Throughout her life as a Christian mystic, who had this ability to discern spirits, she always asked her priest to look at her work and let her know if he thought it was acceptable. The first priest she asked this question of was Bishop Marmion. He realized that she was serving people who did not go to church, and so he said to her “Your work is based on giving and receiving love whether it’s done in a church or not. You are Christ to these people. You are their contact with His love. Treat them as sheep of His flock”.

Eventually Carla, Don Elkins, and I were involved in what came to be called the Law of One, or the Ra contact. We completed 106 sessions of this channeled contact, which is the work for which Carla is best known around the world. After Don Elkins died in 1984, Carla and I continued the work of L/L Research with weekly Sunday meditations, further channeling, speaking engagements around the country, and Carla also offered herself as a counselor to those who had questions about their life’s path and how they might be aided by the information that we had been privileged to make available.

All totaled, Carla either authored or channeled over a dozen books during her life, counseled hundreds of seekers of truth, spoke to thousands of people at spiritual gatherings, and in everything that she did, she happily and naturally shared her love of life, and her love of people. In 1987, she and I were married in Calvary Episcopal Church. We were married for 28 years, and together for 35.

Her last five years were spent mostly in a hospital bed at home, attempting to recover from back surgery. Though she experienced a great deal of pain and limitation, she never complained even once about her situation.

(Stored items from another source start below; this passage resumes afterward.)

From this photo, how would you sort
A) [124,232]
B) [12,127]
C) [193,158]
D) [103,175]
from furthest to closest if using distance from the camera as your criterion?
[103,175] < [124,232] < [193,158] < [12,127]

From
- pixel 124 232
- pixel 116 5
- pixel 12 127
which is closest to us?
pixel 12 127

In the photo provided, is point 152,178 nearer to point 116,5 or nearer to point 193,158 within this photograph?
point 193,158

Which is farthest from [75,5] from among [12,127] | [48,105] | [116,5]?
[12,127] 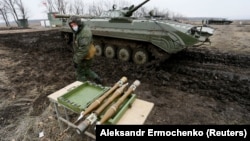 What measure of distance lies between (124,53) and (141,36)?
4.12 feet

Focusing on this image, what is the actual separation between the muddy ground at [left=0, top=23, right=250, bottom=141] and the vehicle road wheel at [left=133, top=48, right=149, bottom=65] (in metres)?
0.34

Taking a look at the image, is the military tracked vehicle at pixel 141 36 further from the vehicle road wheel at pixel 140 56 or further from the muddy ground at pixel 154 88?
the muddy ground at pixel 154 88

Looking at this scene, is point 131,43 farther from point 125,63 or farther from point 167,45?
point 167,45

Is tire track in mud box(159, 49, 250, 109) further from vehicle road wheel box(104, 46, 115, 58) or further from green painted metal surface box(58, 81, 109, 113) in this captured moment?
green painted metal surface box(58, 81, 109, 113)

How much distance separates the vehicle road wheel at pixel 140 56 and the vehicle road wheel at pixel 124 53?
287 mm

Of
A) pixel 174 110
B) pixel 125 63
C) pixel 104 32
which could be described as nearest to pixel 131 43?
pixel 125 63

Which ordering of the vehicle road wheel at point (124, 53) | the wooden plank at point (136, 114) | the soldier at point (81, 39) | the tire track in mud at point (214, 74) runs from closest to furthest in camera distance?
the wooden plank at point (136, 114) → the soldier at point (81, 39) → the tire track in mud at point (214, 74) → the vehicle road wheel at point (124, 53)

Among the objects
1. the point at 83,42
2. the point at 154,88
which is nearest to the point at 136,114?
the point at 83,42

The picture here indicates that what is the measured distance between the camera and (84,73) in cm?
459

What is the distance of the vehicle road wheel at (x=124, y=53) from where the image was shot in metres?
7.12

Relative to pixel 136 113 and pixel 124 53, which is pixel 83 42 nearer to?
pixel 136 113

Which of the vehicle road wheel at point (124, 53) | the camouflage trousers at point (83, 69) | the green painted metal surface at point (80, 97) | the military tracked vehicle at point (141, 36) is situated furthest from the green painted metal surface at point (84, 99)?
the vehicle road wheel at point (124, 53)

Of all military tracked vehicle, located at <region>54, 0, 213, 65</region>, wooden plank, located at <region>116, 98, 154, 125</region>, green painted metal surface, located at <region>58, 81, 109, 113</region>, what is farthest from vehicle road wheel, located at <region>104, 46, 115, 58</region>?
wooden plank, located at <region>116, 98, 154, 125</region>

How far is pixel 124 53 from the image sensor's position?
23.7ft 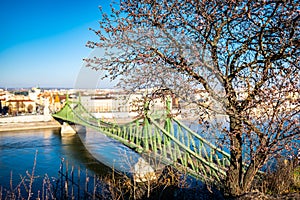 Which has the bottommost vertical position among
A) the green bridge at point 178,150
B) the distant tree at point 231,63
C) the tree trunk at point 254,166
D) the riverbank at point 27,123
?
the riverbank at point 27,123

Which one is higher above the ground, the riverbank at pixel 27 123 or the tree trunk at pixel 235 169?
the tree trunk at pixel 235 169

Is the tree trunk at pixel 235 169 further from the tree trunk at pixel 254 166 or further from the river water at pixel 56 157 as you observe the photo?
the river water at pixel 56 157

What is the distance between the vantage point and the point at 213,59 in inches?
98.7

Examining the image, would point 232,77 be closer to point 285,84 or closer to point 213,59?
point 213,59

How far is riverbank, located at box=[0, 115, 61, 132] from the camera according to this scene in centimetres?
2659

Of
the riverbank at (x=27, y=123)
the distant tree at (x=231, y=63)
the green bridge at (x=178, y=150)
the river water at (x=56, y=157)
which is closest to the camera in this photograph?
the distant tree at (x=231, y=63)

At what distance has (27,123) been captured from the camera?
27.8 meters

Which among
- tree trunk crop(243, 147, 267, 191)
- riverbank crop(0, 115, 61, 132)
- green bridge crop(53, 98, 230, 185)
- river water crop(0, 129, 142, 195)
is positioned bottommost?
river water crop(0, 129, 142, 195)

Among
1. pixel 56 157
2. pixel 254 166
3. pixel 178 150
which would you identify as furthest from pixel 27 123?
pixel 254 166

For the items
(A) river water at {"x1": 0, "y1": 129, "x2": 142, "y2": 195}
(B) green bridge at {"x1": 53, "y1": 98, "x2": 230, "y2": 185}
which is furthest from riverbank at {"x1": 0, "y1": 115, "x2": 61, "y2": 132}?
(B) green bridge at {"x1": 53, "y1": 98, "x2": 230, "y2": 185}

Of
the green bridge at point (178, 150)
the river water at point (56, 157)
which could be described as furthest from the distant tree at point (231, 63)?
the river water at point (56, 157)

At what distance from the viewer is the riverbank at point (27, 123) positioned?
26594 millimetres

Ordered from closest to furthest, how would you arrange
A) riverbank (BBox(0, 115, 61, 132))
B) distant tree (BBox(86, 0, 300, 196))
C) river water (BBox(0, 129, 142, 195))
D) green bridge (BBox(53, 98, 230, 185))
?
distant tree (BBox(86, 0, 300, 196)) → green bridge (BBox(53, 98, 230, 185)) → river water (BBox(0, 129, 142, 195)) → riverbank (BBox(0, 115, 61, 132))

She faced all of her life with love and a happy heart that she freely shared with all who came her way. She saw all people as souls, no matter the outer behavior, full of love in their true selves, and she loved them without reservation, without limit, and with all her being, for love was the greatest quality that she could channel through her wide-open heart.

The greatest love of her life was Jesus Christ and her spiritual family that lives all over the world and especially here at St. Luke’s. For over a decade she has been a part of the parish of this wonderful church. For the last five years of her life, she was unable to attend in person, but she always felt that she was here in spirit sharing her love for each person within the walls of this family church. She was so grateful to Caroline Edelman for bringing her weekly communion that fed her soul. She chose every part of this memorial service as a means by which to glorify God, in the passing of her earthly life, and as a reaffirmation of her belief in Jesus Christ as the Son of God and her personal savior. She was truly the love of my life, and I think about her every day.

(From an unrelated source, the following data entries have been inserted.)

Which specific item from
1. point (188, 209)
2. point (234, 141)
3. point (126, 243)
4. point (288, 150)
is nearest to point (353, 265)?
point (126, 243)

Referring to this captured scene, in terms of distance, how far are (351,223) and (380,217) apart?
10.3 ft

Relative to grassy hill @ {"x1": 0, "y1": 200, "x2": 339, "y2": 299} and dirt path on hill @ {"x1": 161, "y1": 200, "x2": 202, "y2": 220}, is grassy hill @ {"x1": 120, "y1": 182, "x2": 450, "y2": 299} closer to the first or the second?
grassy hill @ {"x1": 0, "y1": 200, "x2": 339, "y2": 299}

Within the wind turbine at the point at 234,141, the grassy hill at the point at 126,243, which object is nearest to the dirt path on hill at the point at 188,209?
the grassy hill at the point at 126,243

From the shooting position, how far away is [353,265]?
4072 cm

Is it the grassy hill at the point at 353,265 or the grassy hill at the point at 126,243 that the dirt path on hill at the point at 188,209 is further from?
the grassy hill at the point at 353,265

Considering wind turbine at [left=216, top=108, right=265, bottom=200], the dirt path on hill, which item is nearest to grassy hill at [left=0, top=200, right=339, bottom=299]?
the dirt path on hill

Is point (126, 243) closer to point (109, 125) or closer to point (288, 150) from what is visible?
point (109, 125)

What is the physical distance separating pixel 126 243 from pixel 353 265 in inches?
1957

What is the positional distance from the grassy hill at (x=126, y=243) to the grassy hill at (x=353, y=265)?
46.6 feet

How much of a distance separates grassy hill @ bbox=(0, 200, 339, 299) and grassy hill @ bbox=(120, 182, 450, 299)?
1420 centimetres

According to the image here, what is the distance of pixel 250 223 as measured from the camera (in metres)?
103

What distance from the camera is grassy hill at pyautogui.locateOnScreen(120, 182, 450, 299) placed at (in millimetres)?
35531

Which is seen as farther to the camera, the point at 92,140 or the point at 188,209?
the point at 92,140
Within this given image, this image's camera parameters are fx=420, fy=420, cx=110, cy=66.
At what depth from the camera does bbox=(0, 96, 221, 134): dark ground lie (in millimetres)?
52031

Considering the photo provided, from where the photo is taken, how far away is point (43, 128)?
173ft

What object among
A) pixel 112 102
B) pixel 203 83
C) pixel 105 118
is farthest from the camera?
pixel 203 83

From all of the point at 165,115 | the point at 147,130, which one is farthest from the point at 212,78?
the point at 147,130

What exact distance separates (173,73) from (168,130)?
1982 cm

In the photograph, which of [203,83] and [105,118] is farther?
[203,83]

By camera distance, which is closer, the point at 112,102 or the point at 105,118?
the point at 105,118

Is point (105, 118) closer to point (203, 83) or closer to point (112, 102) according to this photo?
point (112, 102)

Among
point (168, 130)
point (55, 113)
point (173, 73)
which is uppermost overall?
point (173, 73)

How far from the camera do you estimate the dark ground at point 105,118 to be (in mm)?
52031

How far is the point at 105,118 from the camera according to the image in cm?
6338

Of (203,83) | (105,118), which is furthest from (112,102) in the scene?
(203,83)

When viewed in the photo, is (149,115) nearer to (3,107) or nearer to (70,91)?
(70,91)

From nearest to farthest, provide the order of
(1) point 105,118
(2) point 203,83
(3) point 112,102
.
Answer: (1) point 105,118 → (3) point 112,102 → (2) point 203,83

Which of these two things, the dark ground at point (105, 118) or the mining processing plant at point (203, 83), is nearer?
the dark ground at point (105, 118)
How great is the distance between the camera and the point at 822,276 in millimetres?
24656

From A Book of Days, channeled by Carla L. Rueckert:

April 1

Cost And Fruit

I am of the principle of the consciousness of divine Love, and I greet you in radiant joy.

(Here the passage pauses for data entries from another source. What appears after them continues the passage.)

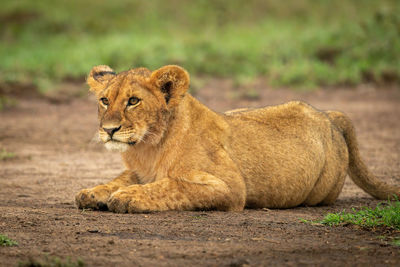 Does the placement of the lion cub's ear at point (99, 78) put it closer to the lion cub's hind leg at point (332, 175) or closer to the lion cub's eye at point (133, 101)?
the lion cub's eye at point (133, 101)

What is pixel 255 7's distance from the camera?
66.4ft

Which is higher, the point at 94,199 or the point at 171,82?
the point at 171,82

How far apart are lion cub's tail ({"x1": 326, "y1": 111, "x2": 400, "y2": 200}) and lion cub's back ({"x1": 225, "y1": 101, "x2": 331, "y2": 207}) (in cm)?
40

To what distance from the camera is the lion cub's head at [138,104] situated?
504cm

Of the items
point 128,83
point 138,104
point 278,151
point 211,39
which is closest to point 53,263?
point 138,104

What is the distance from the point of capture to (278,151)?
583 centimetres

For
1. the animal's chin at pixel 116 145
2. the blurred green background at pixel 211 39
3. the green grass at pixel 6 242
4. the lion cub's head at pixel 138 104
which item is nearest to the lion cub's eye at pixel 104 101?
the lion cub's head at pixel 138 104

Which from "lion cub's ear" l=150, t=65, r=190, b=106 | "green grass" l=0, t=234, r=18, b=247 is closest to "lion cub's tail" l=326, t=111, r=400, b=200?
"lion cub's ear" l=150, t=65, r=190, b=106

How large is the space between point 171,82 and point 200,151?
0.57m

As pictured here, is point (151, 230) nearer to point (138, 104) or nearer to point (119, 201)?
point (119, 201)

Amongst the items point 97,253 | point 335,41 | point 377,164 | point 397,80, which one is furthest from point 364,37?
point 97,253

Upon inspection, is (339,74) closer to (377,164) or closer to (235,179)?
(377,164)

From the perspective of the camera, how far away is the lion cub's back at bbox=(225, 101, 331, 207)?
5664 millimetres

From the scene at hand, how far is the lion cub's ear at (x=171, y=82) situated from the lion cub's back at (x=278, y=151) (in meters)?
0.64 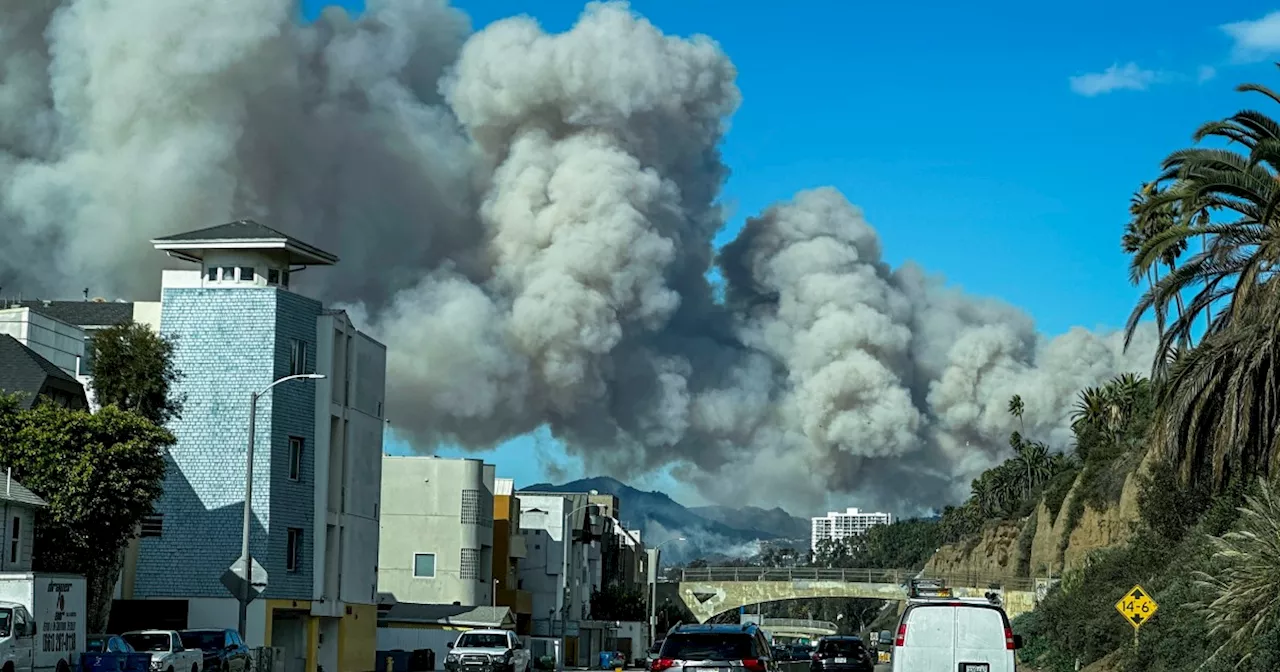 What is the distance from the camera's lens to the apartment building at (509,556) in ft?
325

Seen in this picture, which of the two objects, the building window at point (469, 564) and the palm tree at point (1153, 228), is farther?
the building window at point (469, 564)

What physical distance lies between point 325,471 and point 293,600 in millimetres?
5041

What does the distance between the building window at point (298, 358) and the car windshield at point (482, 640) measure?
13.9 metres

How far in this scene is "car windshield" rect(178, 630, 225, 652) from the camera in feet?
136

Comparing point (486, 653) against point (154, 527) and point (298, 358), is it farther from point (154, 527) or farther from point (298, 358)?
point (298, 358)

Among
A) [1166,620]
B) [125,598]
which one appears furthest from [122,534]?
[1166,620]

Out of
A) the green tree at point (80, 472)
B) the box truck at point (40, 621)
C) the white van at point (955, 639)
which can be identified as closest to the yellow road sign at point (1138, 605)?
the white van at point (955, 639)

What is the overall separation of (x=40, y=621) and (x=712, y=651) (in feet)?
47.7

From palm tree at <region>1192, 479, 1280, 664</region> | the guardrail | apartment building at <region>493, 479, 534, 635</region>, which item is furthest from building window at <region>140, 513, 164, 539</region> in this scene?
the guardrail

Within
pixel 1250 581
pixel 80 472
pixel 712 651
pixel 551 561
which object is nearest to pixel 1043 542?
pixel 551 561

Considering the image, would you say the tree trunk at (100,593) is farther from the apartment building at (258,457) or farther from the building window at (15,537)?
the apartment building at (258,457)

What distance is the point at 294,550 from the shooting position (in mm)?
59688

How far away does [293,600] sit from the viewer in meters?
59.1

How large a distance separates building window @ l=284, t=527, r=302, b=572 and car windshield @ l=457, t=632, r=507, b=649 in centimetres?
1147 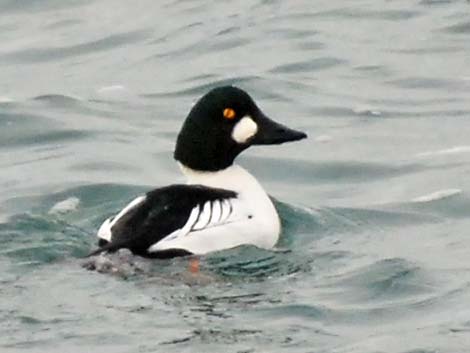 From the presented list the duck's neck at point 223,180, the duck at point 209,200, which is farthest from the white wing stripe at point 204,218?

It is the season of Easter, the time when Jesus’ emergence from the Earth is held in remembrance and His ascent therefrom rejoiced at. Now is the season of blooming, for just as Jesus grew like a flower from the Earth, so too may we see in each flower that resurrection glory.

In this season may you find much to rejoice at, never regretting the cost of winter but glorying instead in the fullness and promise of spring. Such are the cycles of eternal life. The cycles contain different kinds of blooming and different kinds of growing, but always the pulse of cost and fruit.

We leave you in the peaceful harmony of Jesus the Christ, now and ever. Amen.

I said the prayer at the Gaia Meditation tonight:

We come in the name of love and open our hearts, minds, and souls to send love, light, and healing energy to Mother Earth as she brings forth a new Earth in the fourth density. We ask that the infinite love, light, and healing energy of the One Infinite Creator heal the hearts of all souls in pain on Earth tonight. May all souls on Earth feel our love, light, and healing energy in their hearts, their minds, and their souls. Amen.